(Exercise materials Opens)

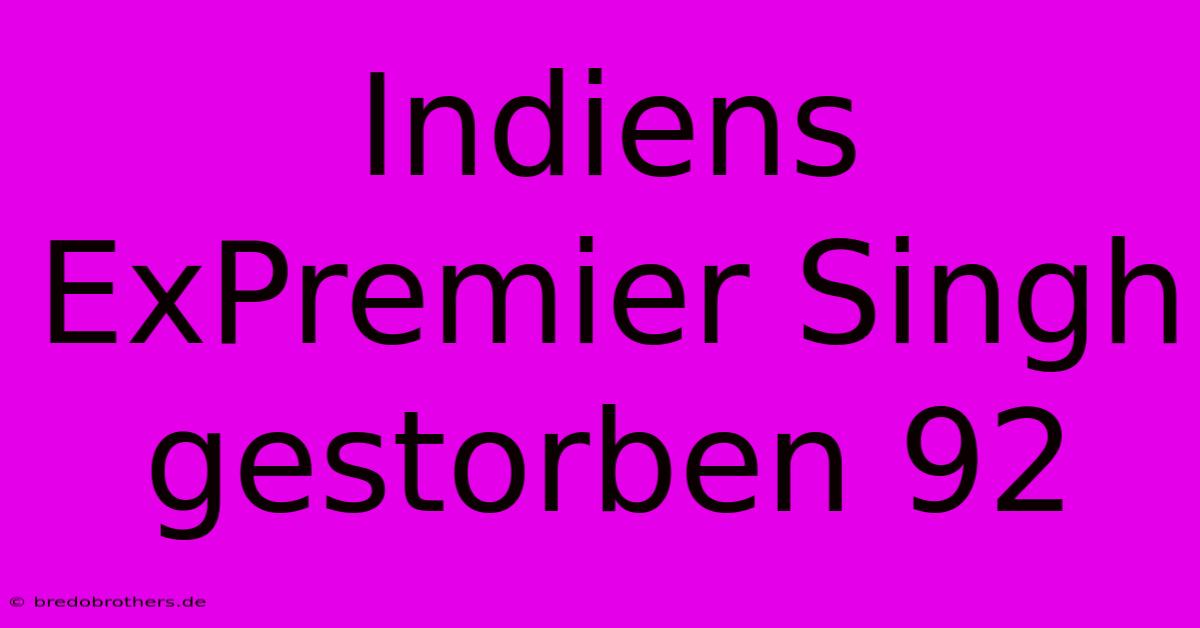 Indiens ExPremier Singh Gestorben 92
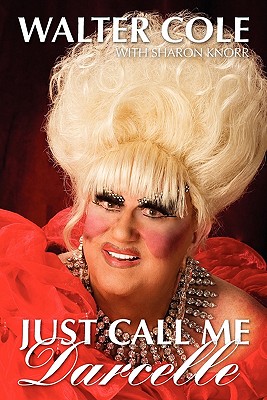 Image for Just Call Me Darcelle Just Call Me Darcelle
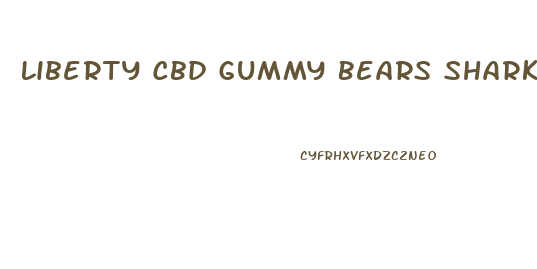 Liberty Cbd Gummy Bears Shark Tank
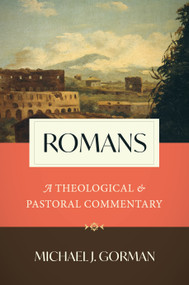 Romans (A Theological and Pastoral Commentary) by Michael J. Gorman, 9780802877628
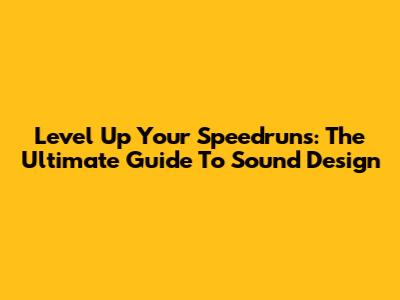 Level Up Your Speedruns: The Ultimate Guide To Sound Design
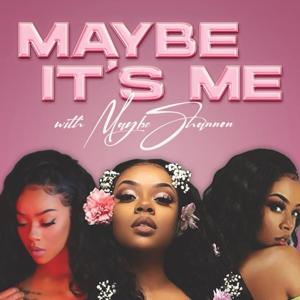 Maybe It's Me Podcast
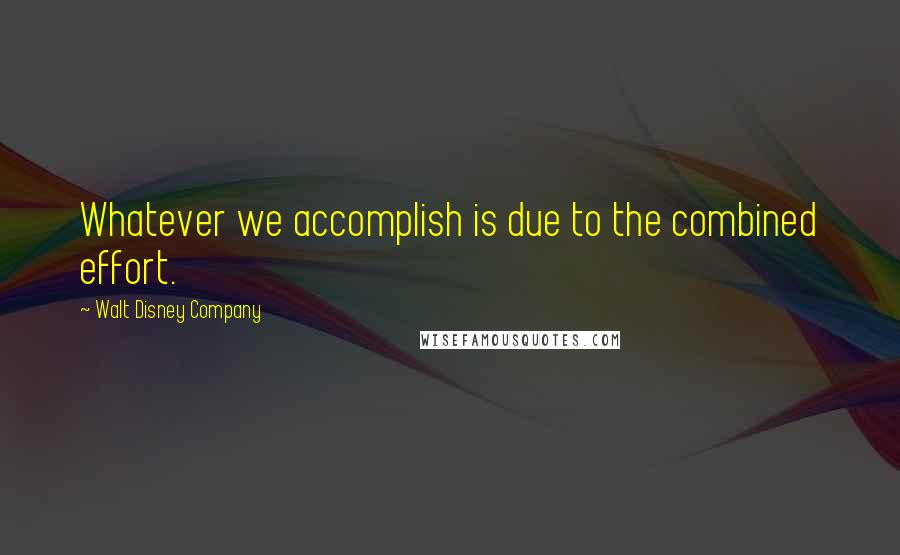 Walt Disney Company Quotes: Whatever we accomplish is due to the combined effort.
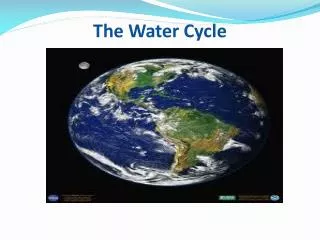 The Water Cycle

(Exercise materials Closes)

What you will do: Only the records, copied exactly and free of pictures, belong in the answer.

Reply to the task:
 Indiens ExPremier Singh Gestorben 92
 Image for Just Call Me Darcelle Just Call Me Darcelle
 Liberty Cbd Gummy Bears Shark Tank
 Romans (A Theological and Pastoral Commentary) by Michael J. Gorman, 9780802877628
 Level Up Your Speedruns: The Ultimate Guide To Sound Design
 Maybe It's Me Podcast
 Walt Disney Company Quotes: Whatever we accomplish is due to the combined effort.
 The Water Cycle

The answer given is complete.